Future missions to Mars will likely expose astronauts to a staggering amount of radiation during the trip which equates to about what a human can handle in a lifetime, NASA scientists said Thursday.

Curiosity's Radiation Assessment Detector (RAD) is the first instrument to measure the radiation environment on Mars. The instrument found even if astronauts remain in spacecraft, they are still exposed a lifetime limit of radiation.

The findings, which are published in the May 31 edition of the journal Science, indicate radiation exposure for human explorers could exceed NASA's career limit for astronauts if current propulsion systems are used.

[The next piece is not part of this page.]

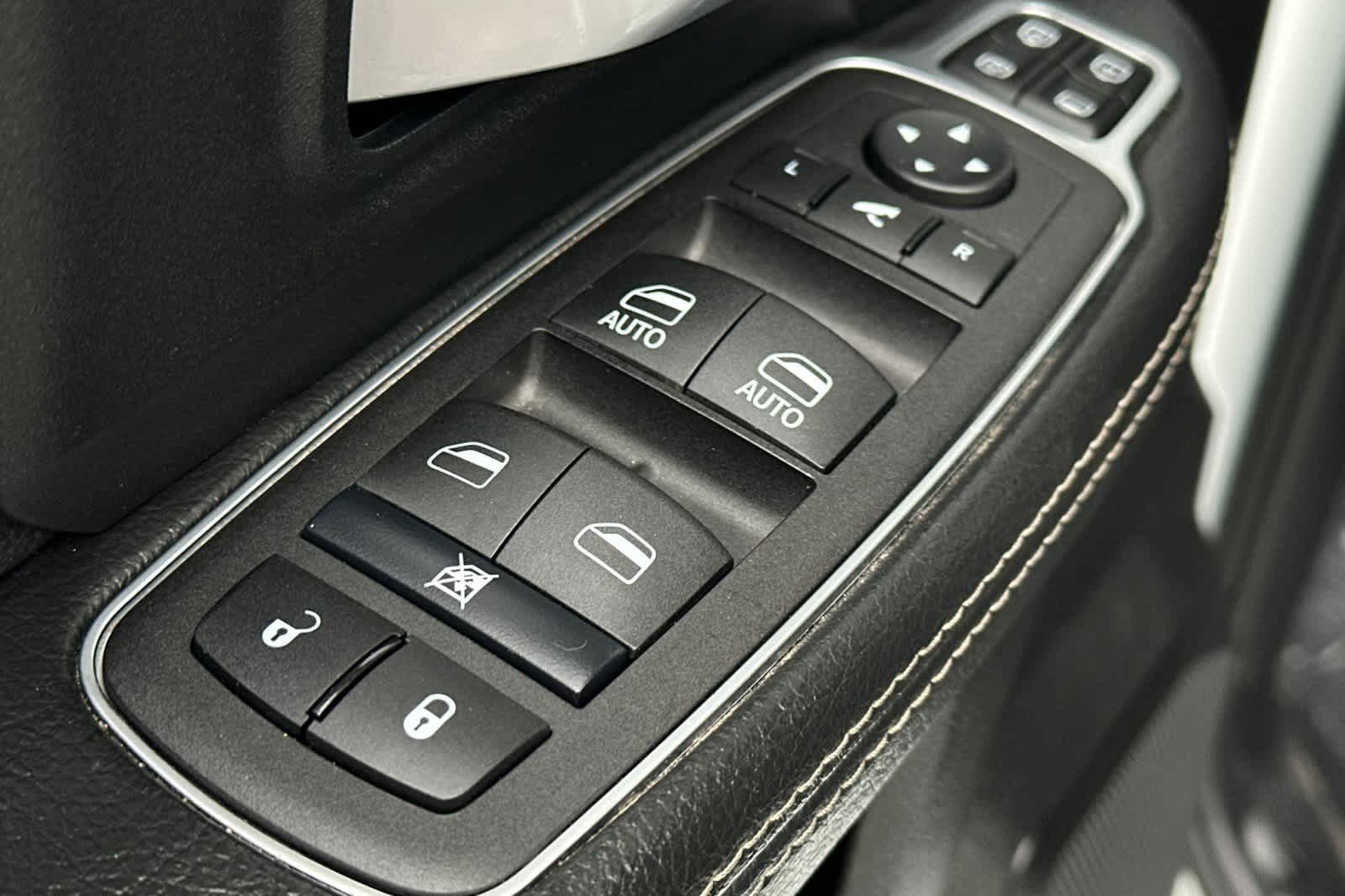 Thumbnail: 2024 RAM 2500 - 14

"In terms of accumulated dose, it's like getting a whole-body CT scan once every five or six days," said Cary Zeitlin, a principal scientist at the Southwest Research Institute (SwRI) in San Antonio and lead author of the paper on the findings. "Understanding the radiation environment inside a spacecraft carrying humans to Mars or other deep space destinations is critical for planning future crewed missions."

That dose is enough to raise the astronaut's cancer risk by about three percent. "It is clear that the exposure from the cruise phases alone is a large fraction of (and in some cases greater than) currently accepted astronaut career limits," the study says. "Time spent on the surface of Mars might add considerably to the total dose."

 The information provides space mission designers with clues on how to build a spacecraft with sufficient protection for future occupants.

NASA aims to send a crew to orbit the red planet by the mid-2030s. Private outfits like Inspiration Mars - backed by NASA engineer-turned-space tourist Dennis Tito - are seeking volunteers for a Mars flight.

The research team comprise up of NASA researchers and scientists at the Southwest Research Institute in Colorado. They measured radiation levels on the Mars Science Laboratory, the spacecraft that transported the Curiosity rover to Mars in 2012. A subsequent study will measure Curiosity's radiation levels while the rover has been on Mars's surface.